Data provided -
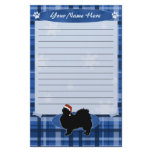 Blue Christmas Japanese Chin Stationery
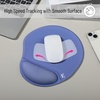 image:imageMr Pen Ergonomic Mouse Pad with Wrist Rest Grim Reader Design  Breathable Fabric with Memory Foam Cushion NonSlip Rubber Base Gel Mouse Pad with Wrist SupportDusky BluePurple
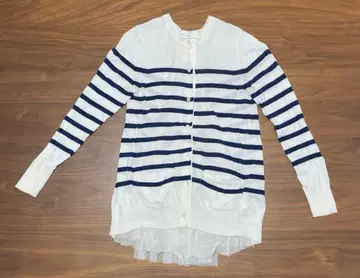 sacai luck 스트라이프 니트 가디건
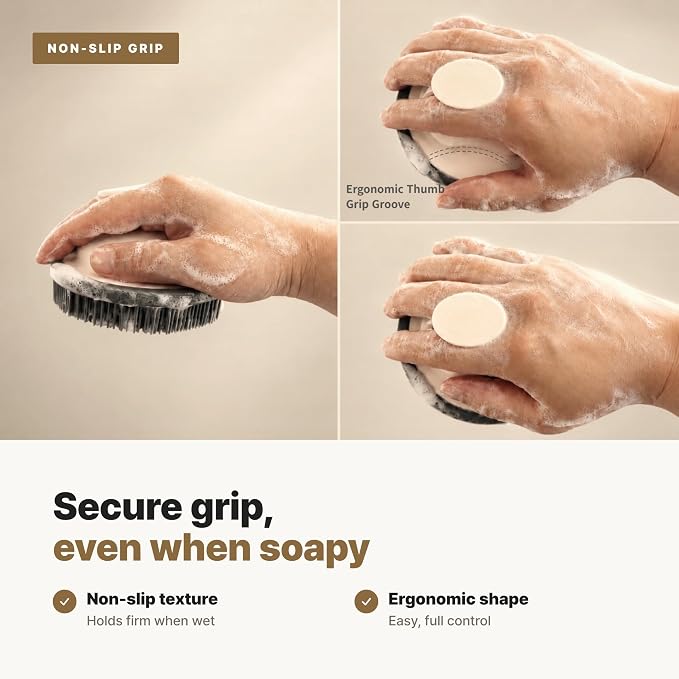 DOWMI Silicone Body Scrubber, Soft Shower Brush Loofah Alternative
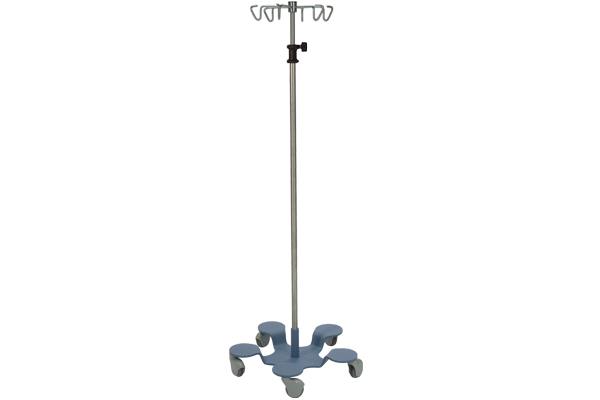 Infusion Pump Stand, 6-Hook, 5-Leg Base - Pedigo P-1080-6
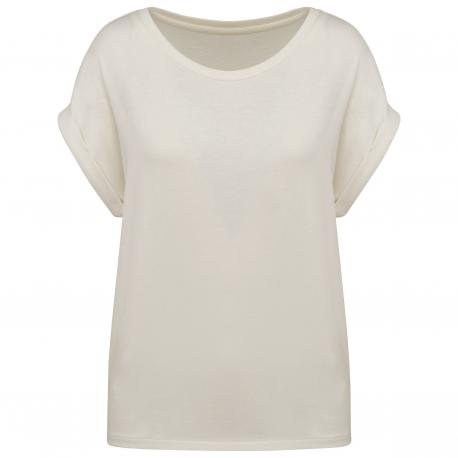 Camiseta ecorresponsable mangas vueltas mujer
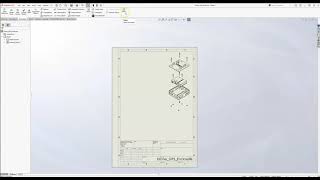 SolidWorks Drawing  Exploded View [upl. by Fredek]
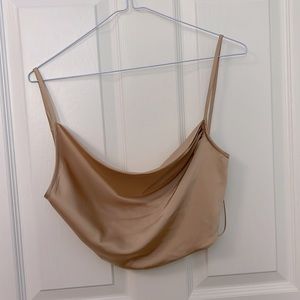 Backless satin top- The latest scoop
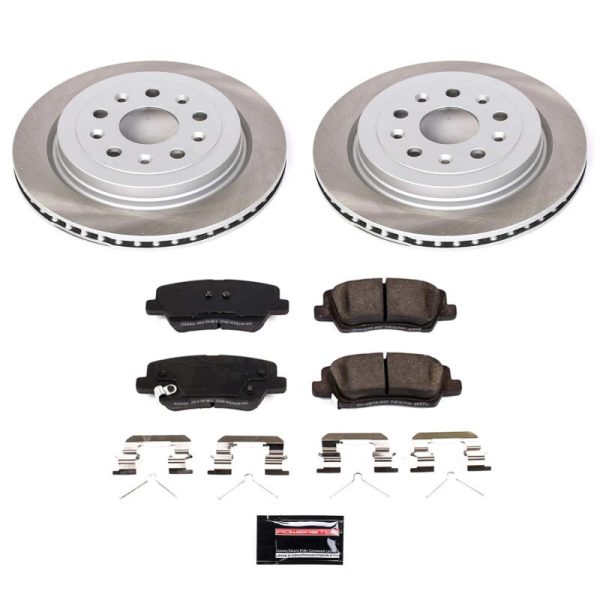 Power Stop 2019 Cadillac CTS Rear Semi-Coated Rotor Kit Online Sale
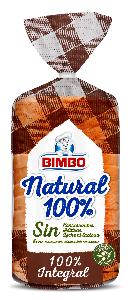 pan sandwich integral natural bimbo 450 g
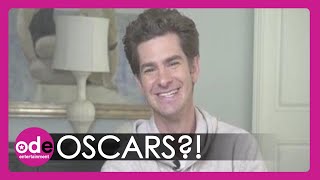 ANDREW GARFIELD on Oscar Buzz Being Too Much [upl. by Ateekan]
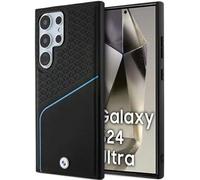 Phone Case Galaxy S24 Ultra BMW MagSafe Genuine Leather Black Blue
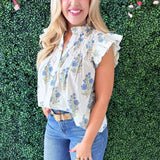 Flutter Sleeve Blouse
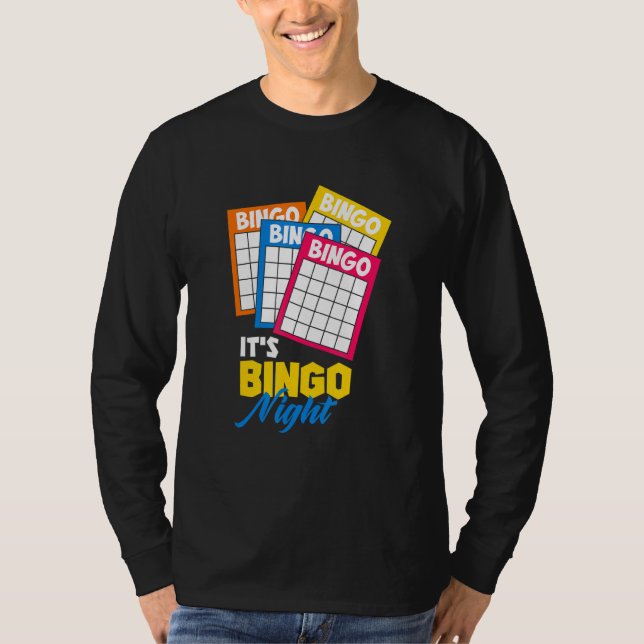 T-shirt Conception De Jeu De Carte De Bingo Pour Caller -  (Devant)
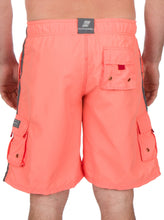 Load image into Gallery viewer, Men&#39;s Contrast Striped Solid Color Swim Trunks for Surfing and Skating
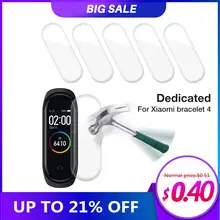 Защита от падения 4 гидрогеля Защитная закаленная пленка для Xiaomi Mi группа 4 защитная пленка полноэкранная проницаемая пленка HD Explosion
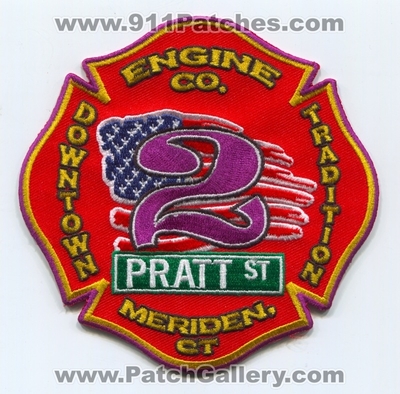 Meriden Fire Department Engine Company 2 Patch (Connecticut)
Scan By: PatchGallery.com
Keywords: dept. co. number no. #2 station downtown tradition pratt st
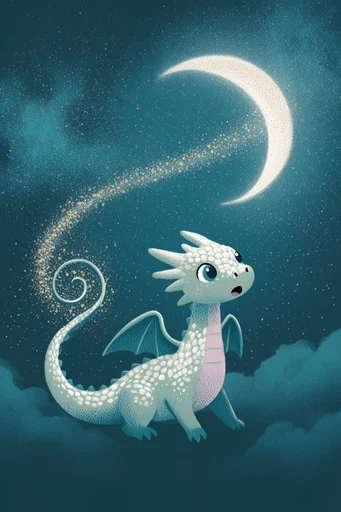 Nocturnal Mystical Whimsy style reference image — magical realism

Exercise description -
Every line from the one containing "Защита от падения" to the final line of the records should be duplicated exactly; no picture is to be copied.

Solved problem -
 Защита от падения 4 гидрогеля Защитная закаленная пленка для Xiaomi Mi группа 4 защитная пленка полноэкранная проницаемая пленка HD Explosion
 Meriden Fire Department Engine Company 2 Patch (Connecticut)
Scan By: PatchGallery.com
Keywords: dept. co. number no. #2 station downtown tradition pratt st
 Nocturnal Mystical Whimsy style reference image — magical realism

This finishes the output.